According to the second reading speech, the Scheme Administrator, the Department of Veterans Affairs has highlighted a number of unintended outcomes inconsistent with the initial policy intent .[29] The Bill addresses those unintended outcomes.

The relevant report by the Department of Veterans Affairs has not been published.

Committee consideration

At its meeting of 19 March 2009, the Selection of Bills Committee resolved that the Bill not be referred to Committee.[30]

Financial implications

According to the Explanatory Memorandum, the amendments in the Bill will have no additional impact on Commonwealth expenditure or revenue.[31]

However it is not clear:

  • whether the ADF will make a higher number of payments under the TPS
  • whether the quantum of those payments will be greater than under the current act of grace arrangements and
  • what financial impact, if any, this will have.

Main provisions

The Bill contains two schedules.

Schedule 1 Tactical Payment Scheme

Item 1 of Schedule 1 amends the Defence Act by inserting proposed sections 123H and 123J.

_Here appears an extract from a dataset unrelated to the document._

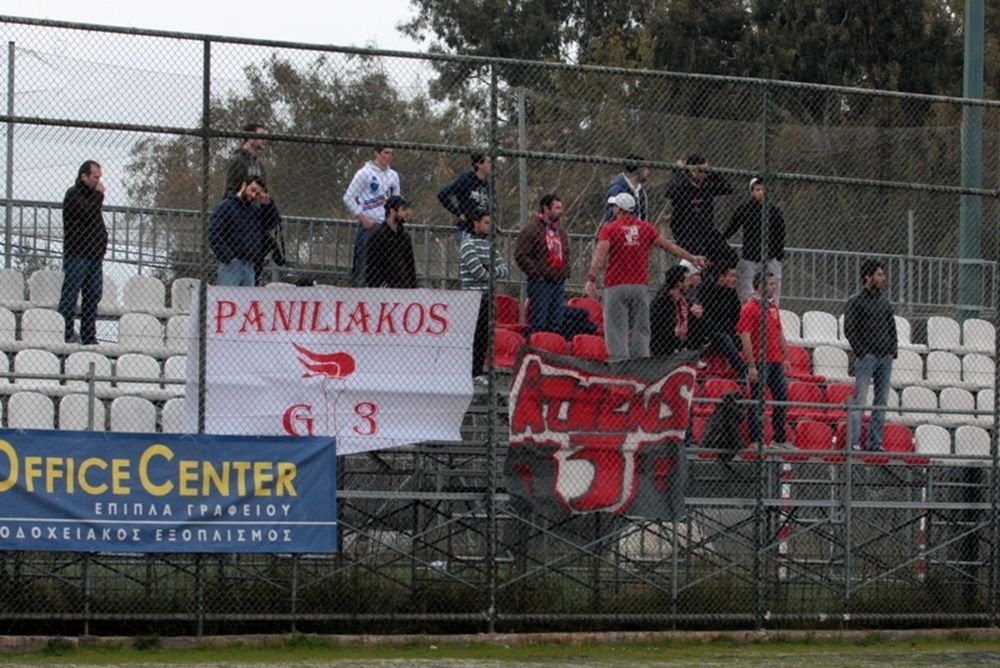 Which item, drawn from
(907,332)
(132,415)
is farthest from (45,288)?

Proposed subsection 123H(1) provides that the Minister[32] may authorise the making of one or more payments to a person who has suffered loss, damage or injury outside Australia because of an incident that occurs in the course of an activity of the ADF outside Australia in the following circumstances:

  • person is not an Australian citizen and
  • the payment is not otherwise authorised by law or required to meet any legal liability.

Three matters arise from this proposed subsection. Firstly, the nature and extent of the loss that has been suffered is not defined in the Bill. It may be that this term is intended to encompass the loss of a next-of-kin who has been killed in the course of the relevant ADF activity. However, it should be noted that, unlike the US scheme, proposed subsection 123H(1) does not make specific provision for a payment to a next-of-kin, in the event of a civilian death.

Secondly, the loss, damage or injury does not have to specifically be caused by the ADF, merely to have occurred in the course of an activity of the ADF outside Australia. That being the case, the proposed subsection has a broad application. It could potentially include loss, damage or injury:

  • caused by non-ADF personnel (including enemy forces) or
  • where the exact circumstances of the loss, damage or injury cannot be determined

as long as it is sufficiently connected to the incident.

Thirdly, the proposed subsection refers to an activity of the ADF. According to the Explanatory Memorandum an activity may include military action, operation, exercise or training undertaken during an overseas operation .[33] However the term, activity is not defined in the Bill or in the principle act. This makes the proposed TPS much broader than the US scheme because condolence payments and solatia payments are only triggered by death, injury, or property damage caused by coalition or US forces generally during combat.

The payment cannot be made to the person more than 12 months after the relevant incident: proposed subsection 123H(2). There is no requirement that investigations be undertaken, and decisions made, within a specific time frame.

The total amount of the payments must not be more than the amount set by regulation currently $250 000: proposed subsection 123H(3).[34]

Proposed subsection 123H(4) makes it clear that the TPS operates independently of the act of grace payment provisions of the FMA Act. It may be that the act of grace payment provisions will apply to a person whose next-of-kin has been killed in the course of the relevant ADF activity. See the comments in respect of proposed subsection 123H(1) above.

Proposed section 123J allows the Minister to delegate his or her powers under proposed section 123H to:

  • the Secretary of the Department of Defence
  • the Chief of the Defence Force
  • an officer in command of an activity of the ADF outside Australia and
  • an Australian Public Service employee who holds or performs the duties of an APS 6 or higher position in the Department of Defence.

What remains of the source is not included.